Otras miradas

La dañina tontería de no gobernar en una pandemia

 Pedro Gullón

Profesor ayudante doctor en salud pública, Universidad de Alcalá. Coautor de 'Epidemiocracia'

Javier Padilla

Médico de Atención Primaria. Diputado de Más Madrid en la Asamblea. Coautor de 'Epidemiocracia'

La dañina tontería de no gobernar en una pandemia
El presidente del Gobierno, Pedro Sánchez, se quita la mascarilla durante la Conferencia de Presidentes extraordinaria celebrada en el Senado, a 22 de diciembre de 2021, en Madrid, (España).- EUROPA PRESS

Creíamos que solo había algo peor que no hacer nada en momentos de crisis: hacer cosas que no sirven para nada. Sin embargo, en las últimas horas hemos descubierto que sí hay algo peor: no hacer nada y que parezca que has hecho algo que no sirve para nada. Tras casi dos años de pandemia, seguimos teniendo una pulsión por lo inútil que solo se explica en base a dos motivos: I) son medidas con bajo coste a corto plazo y II) ya-lo-hemos-hecho-antes.

Tras una semana en la que iba creciendo día a día el número de presidentes autonómicos que pedían la obligatoriedad del uso de mascarilla en exteriores, como forma de no tomar ninguna medida de mayor calado (de mayor complejidad y efectividad) en sus comunidades, hemos visto como la Conferencia de Presidentes y Presidentas acordaba unas medidas que incluían la ya mencionada.

A los presidentes que la reclamaban ahora les parece escasa porque no les gusta que el Gobierno central haga lo mismo que hacían ellos (pedir medidas inútiles para no asumir la carga de las medidas útiles pero complejas).

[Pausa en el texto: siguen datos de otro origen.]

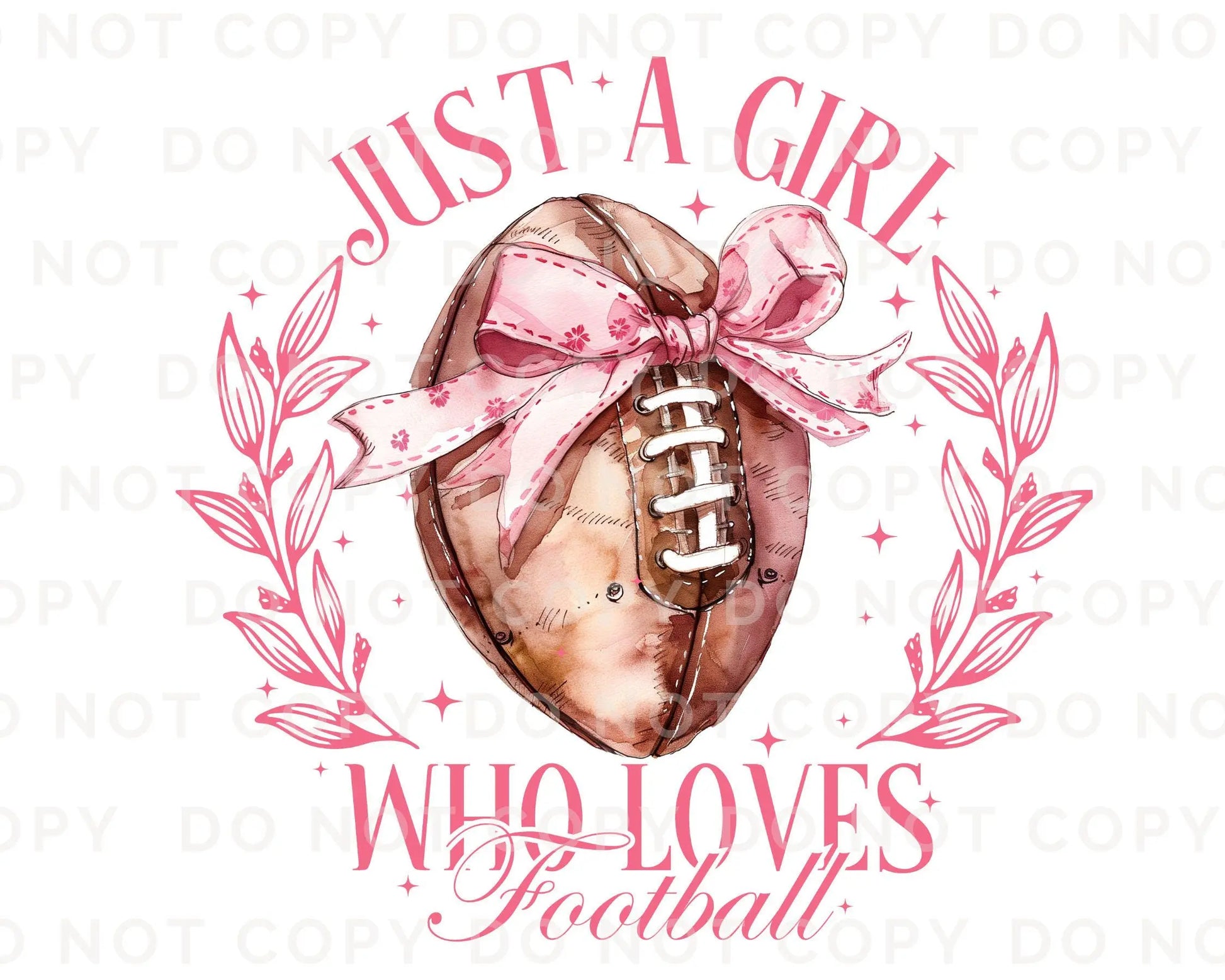 Football DTF Transfers, Ready to Press, T-shirt Transfers, Heat Transfer, Direct to Film, Sports Mom, Game Day, Coquette Football Pink Bow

A gran parte de la sociedad, en general, la medida le parece dañina, inútil o, en el mejor de los casos, innecesaria.

Sobre la obligatoriedad del uso de mascarilla en exteriores no vamos a decir demasiado, especialmente cuando no está claro si se va a llevar a cabo o solo andaban disparando con fogueo (al propio pie, por cierto). Esta medida ya ha sido criticada por toda la comunidad científica desde su primera implantación en el verano de 2020. Las mascarillas no son armas mágicas que sirven para solucionar una pandemia, son herramientas que nos pueden ayudar a reducir el riesgo de contagio en los lugares que más riesgo tienen.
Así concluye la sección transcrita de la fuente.